Читать «Новое недовольство мемориальной культурой» онлайн - страница 119
Борис Николаевич Хлебников
Готовность к забвению особенно отчетливо прозвучала в цюрихской речи Уинстона Черчилля, произнесенной в сентябре 1946 года. Она свидетельствует, что в контексте строительства нового европейского дома Вторая мировая война рассматривалась как своего рода гражданская война между нациями, с последствиями которой надеялись справиться оправдавшим себя древним средством – забвением. Черчилль ратовал за то, чтобы немцев, других членов «оси» и коллаборационистов перестали винить за прошлое. Он потребовал после осуждения нацистской верхушки в Нюрнберге «подвести черту» под прошлым, заявив: «Мы должны повернуться спиной к ужасам прошлого. Мы должны глядеть в будущее. Мы не можем позволить себе пустить в грядущее ненависть и месть, порожденные ранами прошлого.
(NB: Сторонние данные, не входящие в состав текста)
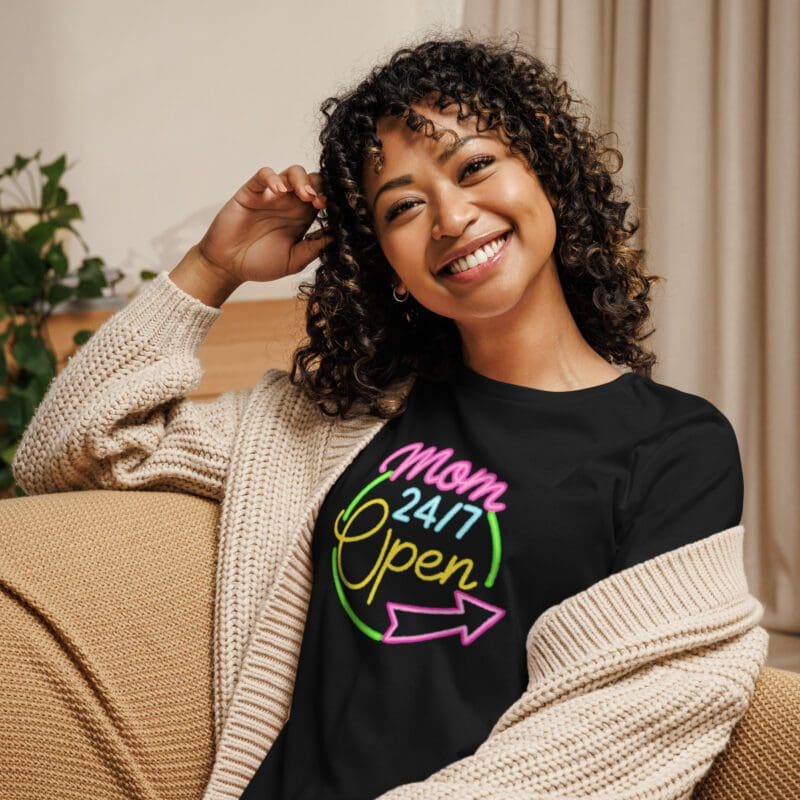 24/7 Mom Women's Relaxed Tee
Если Европу суждено спасти от бесконечных бедствий и полного уничтожения, то в основу спасения должен лечь акт веры в семью европейских народов и акт забвения всех преступлений и ошибок прошлого».
Западногерманское общество 1950-х и 1960-х годов во многом было сосредоточено на том, что в ту пору именовалось «преодолением прошлого» и что ныне называется «политикой подведения финальной черты». В 1950-е и 1960-е годы немцы отождествляли прошлое с виной, которую надлежало загладить (выплата компенсаций, установление дипломатических отношений с Израилем, движение «Знак искупления» и т.п.) в надежде, что этим вина будет изжита или по крайней мере останется в прошлом. Забвение не отождествлялось тогда с «вытеснением из памяти», как это делается сегодня (на что неоднократно указывал Герман Люббе), а соотносилось со стремлением к прогрессу, модернизации, «обновлению» и «открытостью для будущего», приобретшим характер общественного императива. От будущего ожидались позитивные перемены; такова была главная аксиома теории модернизации, которая служила после 1945 года базовым ценностным ориентиром во всех европейских странах Запада и Востока.
Устойчивую эмпатию по отношению к будущему можно проиллюстрировать эпизодом, который датируется летом 1966 года. Бывший канцлер ФРГ Конрад Аденауэр находился с визитом в Израиле; в Тель-Авиве его принял премьер-министр Леви Эшкол. В своем приветствии Эшкол сказал «о долгой и крепкой памяти народа Израиля». Она, дескать, является следствием долгих гонений. Его народ хорошо помнит как своих врагов, так и друзей. К последним Эшкол причислил и своего гостя, особенно отметив его заслуги в качестве «зодчего договоров по реституции 1952 года». Аденауэр ответил, что ему хорошо известно, «насколько ужасным преследованиям подвергли евреев национал-социалисты», к тому же он и сам пострадал от нацистского режима. (Многие немцы не знали, что Аденауэр и его жена находились в застенках гестапо под так называемым «охранным арестом». Позднее его жена умерла от последствий тюремного заключения.) Поэтому, по его словам, он с особой энергией выступал в годы своего пребывания на посту федерального канцлера «за примирение с еврейским народом и французскими соседями».